Born in Chicago in 1948, Krupa began playing the saxophone at age 6 but switched to drums because they were the cheapest thing in the music store. A Catholic, he followed his mother’s wishes and attended St. Joseph’s College to study for the priesthood. He abandoned those plans and was soon playing with great band leaders like Eddie Condon and Glenn Miller and alongside musicians like Bix Beiderbecke on Cornet and Coleman Hawkins on Sax.

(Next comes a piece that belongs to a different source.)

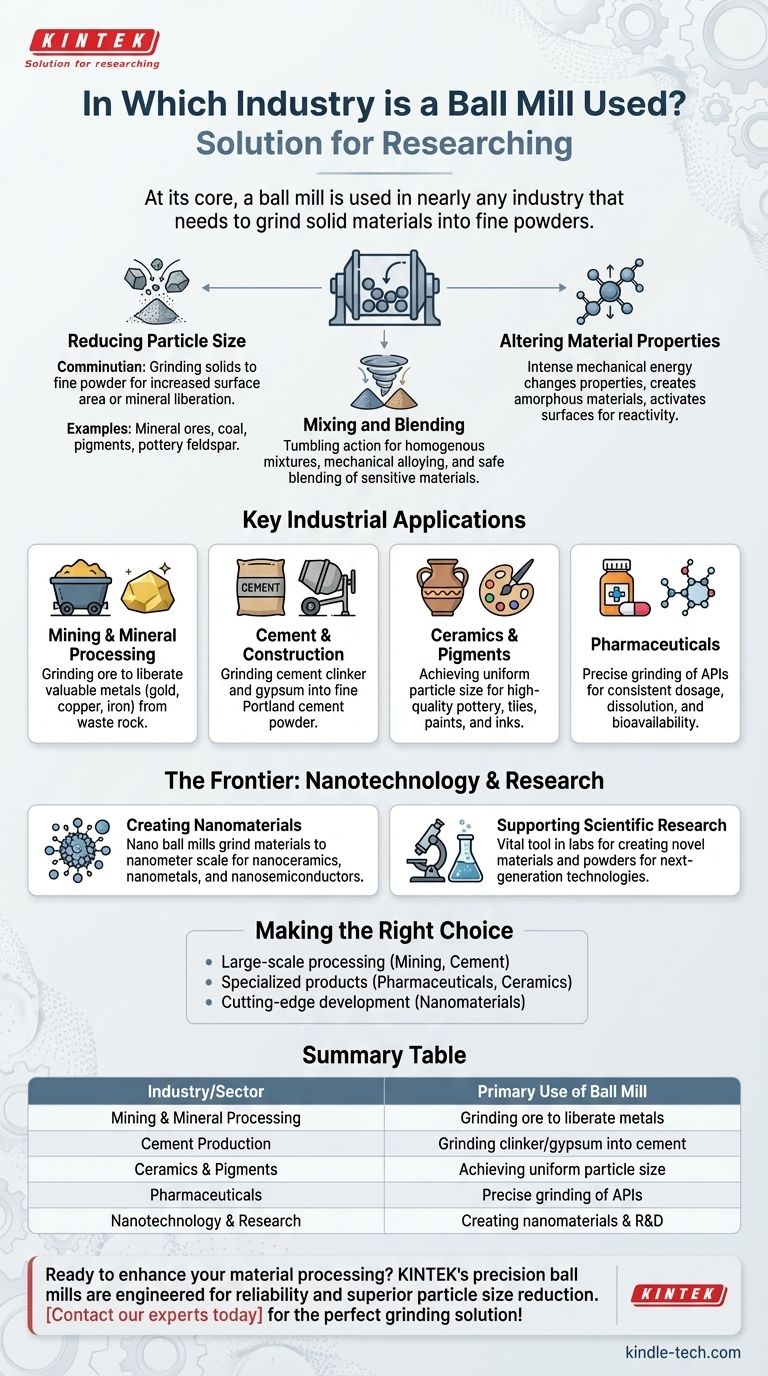 ボールミルはどの産業で使用されていますか？鉱業からナノテクノロジーまで、多用途な粉砕の可能性を解き放つ ビジュアルガイド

In 1934, he joined the Benny Goodman band. His skill as a drummer, good looks, and showmanship propelled Krupa to star power. His composition with Goodman of “Sing, Sing, Sing” helped the band become as successful as it did. After a falling-out with Goodman, Krupa formed his own band that had its first performance in 1938 at Atlantic City’s Steel Pier.
While Krupa continued performing, he appeared in several films, and in 1959 the actor Sal Mineo played Krupa in the film, The Gene Krupa Story, with a cameo by his former vocalist, Anita O’Day. Krupa died in 1973 at age 64.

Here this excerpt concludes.